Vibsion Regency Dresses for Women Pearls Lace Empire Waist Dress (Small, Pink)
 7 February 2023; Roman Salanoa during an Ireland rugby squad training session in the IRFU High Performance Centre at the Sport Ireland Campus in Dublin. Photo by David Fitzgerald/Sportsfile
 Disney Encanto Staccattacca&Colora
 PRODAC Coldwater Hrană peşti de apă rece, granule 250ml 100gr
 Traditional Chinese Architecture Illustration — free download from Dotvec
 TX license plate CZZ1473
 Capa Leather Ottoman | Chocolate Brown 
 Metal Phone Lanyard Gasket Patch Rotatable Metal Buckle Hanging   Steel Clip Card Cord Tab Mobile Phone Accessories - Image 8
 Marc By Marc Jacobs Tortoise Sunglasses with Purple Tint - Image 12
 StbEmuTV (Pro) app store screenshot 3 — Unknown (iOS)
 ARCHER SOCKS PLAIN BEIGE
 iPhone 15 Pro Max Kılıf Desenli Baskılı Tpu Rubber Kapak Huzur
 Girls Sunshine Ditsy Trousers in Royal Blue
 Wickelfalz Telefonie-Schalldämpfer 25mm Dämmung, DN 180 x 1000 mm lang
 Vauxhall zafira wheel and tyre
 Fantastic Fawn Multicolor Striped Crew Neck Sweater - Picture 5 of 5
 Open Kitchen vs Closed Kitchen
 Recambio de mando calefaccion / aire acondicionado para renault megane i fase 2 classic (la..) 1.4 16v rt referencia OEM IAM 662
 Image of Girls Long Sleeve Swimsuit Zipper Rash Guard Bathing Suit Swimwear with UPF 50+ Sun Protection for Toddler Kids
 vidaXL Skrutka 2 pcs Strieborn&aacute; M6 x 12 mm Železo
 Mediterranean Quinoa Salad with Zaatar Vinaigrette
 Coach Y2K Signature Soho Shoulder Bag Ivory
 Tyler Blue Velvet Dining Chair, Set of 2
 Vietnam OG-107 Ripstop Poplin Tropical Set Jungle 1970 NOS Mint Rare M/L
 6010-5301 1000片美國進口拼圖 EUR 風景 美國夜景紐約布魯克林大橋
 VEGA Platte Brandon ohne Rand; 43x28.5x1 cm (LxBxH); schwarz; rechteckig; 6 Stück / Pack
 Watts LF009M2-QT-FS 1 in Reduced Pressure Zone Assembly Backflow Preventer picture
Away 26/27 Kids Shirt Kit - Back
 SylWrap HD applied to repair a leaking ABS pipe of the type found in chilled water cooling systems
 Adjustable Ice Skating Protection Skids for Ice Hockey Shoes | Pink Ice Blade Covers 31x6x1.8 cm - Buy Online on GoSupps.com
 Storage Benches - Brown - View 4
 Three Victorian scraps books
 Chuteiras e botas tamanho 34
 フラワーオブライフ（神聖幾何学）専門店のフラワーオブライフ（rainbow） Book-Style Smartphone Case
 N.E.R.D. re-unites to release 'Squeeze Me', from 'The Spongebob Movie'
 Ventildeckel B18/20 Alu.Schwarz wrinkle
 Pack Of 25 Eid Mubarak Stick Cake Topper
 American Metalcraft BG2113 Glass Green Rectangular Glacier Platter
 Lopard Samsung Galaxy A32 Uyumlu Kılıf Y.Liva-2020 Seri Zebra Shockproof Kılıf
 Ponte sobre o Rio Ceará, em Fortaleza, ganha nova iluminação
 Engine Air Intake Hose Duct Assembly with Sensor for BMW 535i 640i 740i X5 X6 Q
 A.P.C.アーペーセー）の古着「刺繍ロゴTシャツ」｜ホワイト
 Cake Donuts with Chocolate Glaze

□ □ □ □ □ □ □

» **Your assignment**
From the data above, reproduce word for word the lines running from the line with "PRODAC Coldwater Hrană" to the line with "Marc By Marc", ends included.

» **Worked solution**
 PRODAC Coldwater Hrană peşti de apă rece, granule 250ml 100gr
 Traditional Chinese Architecture Illustration — free download from Dotvec
 TX license plate CZZ1473
 Capa Leather Ottoman | Chocolate Brown 
 Metal Phone Lanyard Gasket Patch Rotatable Metal Buckle Hanging   Steel Clip Card Cord Tab Mobile Phone Accessories - Image 8
 Marc By Marc Jacobs Tortoise Sunglasses with Purple Tint - Image 12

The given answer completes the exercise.